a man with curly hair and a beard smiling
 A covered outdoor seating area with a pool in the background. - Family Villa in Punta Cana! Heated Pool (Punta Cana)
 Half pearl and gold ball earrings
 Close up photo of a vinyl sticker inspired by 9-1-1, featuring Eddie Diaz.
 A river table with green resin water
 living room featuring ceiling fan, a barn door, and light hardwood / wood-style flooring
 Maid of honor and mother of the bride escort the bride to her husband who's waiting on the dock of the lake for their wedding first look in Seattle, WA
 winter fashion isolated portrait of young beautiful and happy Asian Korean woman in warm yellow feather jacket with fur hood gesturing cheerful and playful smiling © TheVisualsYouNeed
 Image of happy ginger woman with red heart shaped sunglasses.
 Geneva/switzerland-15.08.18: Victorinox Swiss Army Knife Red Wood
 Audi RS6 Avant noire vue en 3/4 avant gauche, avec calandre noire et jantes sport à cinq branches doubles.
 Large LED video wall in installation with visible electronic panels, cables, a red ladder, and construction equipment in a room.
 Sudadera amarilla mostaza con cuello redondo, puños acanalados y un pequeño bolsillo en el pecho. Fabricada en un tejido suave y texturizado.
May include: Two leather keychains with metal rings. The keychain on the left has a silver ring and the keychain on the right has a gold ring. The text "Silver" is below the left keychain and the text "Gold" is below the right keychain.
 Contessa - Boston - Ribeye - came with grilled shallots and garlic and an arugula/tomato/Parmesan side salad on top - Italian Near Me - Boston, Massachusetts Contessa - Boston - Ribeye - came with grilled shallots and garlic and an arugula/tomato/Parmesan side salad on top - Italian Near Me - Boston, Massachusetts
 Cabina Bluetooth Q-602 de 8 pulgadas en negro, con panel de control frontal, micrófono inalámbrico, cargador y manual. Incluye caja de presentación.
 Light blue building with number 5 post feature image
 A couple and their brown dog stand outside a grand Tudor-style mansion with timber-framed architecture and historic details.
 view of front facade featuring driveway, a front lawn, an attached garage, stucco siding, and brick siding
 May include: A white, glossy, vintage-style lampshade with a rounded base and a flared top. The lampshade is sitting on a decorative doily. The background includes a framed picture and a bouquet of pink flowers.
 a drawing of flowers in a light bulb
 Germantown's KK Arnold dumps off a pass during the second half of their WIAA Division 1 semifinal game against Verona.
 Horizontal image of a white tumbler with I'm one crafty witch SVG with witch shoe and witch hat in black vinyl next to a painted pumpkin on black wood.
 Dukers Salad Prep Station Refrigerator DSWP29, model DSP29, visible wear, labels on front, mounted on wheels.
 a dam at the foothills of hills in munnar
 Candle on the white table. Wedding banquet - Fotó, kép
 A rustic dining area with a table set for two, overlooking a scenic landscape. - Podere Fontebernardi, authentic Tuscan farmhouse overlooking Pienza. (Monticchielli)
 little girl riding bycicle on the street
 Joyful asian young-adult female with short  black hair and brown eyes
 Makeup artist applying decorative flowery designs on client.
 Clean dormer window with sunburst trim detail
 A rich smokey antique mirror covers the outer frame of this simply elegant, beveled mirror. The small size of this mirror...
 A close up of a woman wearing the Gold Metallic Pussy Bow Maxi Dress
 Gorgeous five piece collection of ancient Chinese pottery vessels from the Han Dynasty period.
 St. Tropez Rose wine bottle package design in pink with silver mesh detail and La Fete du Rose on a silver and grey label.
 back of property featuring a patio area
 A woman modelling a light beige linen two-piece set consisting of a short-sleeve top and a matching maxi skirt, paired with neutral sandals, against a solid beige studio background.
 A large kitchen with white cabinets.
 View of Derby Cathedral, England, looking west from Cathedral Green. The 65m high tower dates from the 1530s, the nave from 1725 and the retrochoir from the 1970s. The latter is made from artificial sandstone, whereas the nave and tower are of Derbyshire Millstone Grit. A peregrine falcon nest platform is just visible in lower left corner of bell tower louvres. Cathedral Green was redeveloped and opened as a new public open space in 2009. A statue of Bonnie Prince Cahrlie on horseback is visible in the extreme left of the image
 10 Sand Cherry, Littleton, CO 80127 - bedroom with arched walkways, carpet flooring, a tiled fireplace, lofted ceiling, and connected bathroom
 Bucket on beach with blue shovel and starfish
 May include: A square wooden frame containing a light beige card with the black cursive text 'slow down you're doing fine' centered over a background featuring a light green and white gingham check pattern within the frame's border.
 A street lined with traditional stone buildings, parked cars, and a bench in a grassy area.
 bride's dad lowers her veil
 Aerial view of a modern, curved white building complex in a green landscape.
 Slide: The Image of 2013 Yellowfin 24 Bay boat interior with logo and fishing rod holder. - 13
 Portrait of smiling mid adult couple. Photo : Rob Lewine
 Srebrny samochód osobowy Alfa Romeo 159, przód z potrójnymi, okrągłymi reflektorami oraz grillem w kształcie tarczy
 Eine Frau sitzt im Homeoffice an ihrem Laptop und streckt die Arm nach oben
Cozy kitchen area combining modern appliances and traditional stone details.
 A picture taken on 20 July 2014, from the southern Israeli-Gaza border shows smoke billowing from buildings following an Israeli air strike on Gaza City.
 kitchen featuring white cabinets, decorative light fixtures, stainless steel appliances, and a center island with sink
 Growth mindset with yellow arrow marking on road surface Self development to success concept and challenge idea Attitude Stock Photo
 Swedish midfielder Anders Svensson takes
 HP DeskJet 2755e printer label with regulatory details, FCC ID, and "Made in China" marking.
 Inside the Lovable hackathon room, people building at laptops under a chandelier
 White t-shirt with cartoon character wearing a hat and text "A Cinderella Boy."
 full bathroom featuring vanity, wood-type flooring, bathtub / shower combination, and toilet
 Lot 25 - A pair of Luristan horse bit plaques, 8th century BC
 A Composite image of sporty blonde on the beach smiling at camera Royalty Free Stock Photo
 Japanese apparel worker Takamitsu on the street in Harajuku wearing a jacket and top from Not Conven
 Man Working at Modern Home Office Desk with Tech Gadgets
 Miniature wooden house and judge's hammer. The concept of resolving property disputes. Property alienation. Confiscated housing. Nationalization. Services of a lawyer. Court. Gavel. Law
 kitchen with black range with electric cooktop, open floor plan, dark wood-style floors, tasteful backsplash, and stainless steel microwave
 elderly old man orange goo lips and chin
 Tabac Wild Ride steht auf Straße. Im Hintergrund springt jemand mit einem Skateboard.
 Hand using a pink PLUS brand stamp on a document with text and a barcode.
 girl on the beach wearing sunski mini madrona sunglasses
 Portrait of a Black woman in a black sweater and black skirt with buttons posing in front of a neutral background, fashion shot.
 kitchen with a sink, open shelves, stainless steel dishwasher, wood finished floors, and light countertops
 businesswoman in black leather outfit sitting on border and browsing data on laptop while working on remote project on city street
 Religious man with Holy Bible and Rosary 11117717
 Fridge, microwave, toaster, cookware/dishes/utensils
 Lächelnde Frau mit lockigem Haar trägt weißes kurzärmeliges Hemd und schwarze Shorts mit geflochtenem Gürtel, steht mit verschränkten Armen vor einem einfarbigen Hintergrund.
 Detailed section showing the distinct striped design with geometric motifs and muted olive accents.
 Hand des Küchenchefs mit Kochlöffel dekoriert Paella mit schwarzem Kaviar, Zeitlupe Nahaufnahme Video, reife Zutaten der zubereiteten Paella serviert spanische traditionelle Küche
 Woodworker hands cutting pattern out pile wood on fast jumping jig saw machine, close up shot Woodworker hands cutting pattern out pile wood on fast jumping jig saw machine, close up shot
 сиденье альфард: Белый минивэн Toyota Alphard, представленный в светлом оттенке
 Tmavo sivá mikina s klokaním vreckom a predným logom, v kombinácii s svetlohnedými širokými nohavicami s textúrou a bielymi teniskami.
********************
- **Problem**
Please give again the lines above between the line holding "Sudadera amarilla mostaza" and the line holding "a drawing of flowers in a light bulb", inclusive, exactly as they are and with nothing added.

- **Response to the exercise**
 Sudadera amarilla mostaza con cuello redondo, puños acanalados y un pequeño bolsillo en el pecho. Fabricada en un tejido suave y texturizado.
May include: Two leather keychains with metal rings. The keychain on the left has a silver ring and the keychain on the right has a gold ring. The text "Silver" is below the left keychain and the text "Gold" is below the right keychain.
 Contessa - Boston - Ribeye - came with grilled shallots and garlic and an arugula/tomato/Parmesan side salad on top - Italian Near Me - Boston, Massachusetts Contessa - Boston - Ribeye - came with grilled shallots and garlic and an arugula/tomato/Parmesan side salad on top - Italian Near Me - Boston, Massachusetts
 Cabina Bluetooth Q-602 de 8 pulgadas en negro, con panel de control frontal, micrófono inalámbrico, cargador y manual. Incluye caja de presentación.
 Light blue building with number 5 post feature image
 A couple and their brown dog stand outside a grand Tudor-style mansion with timber-framed architecture and historic details.
 view of front facade featuring driveway, a front lawn, an attached garage, stucco siding, and brick siding
 May include: A white, glossy, vintage-style lampshade with a rounded base and a flared top. The lampshade is sitting on a decorative doily. The background includes a framed picture and a bouquet of pink flowers.
 a drawing of flowers in a light bulb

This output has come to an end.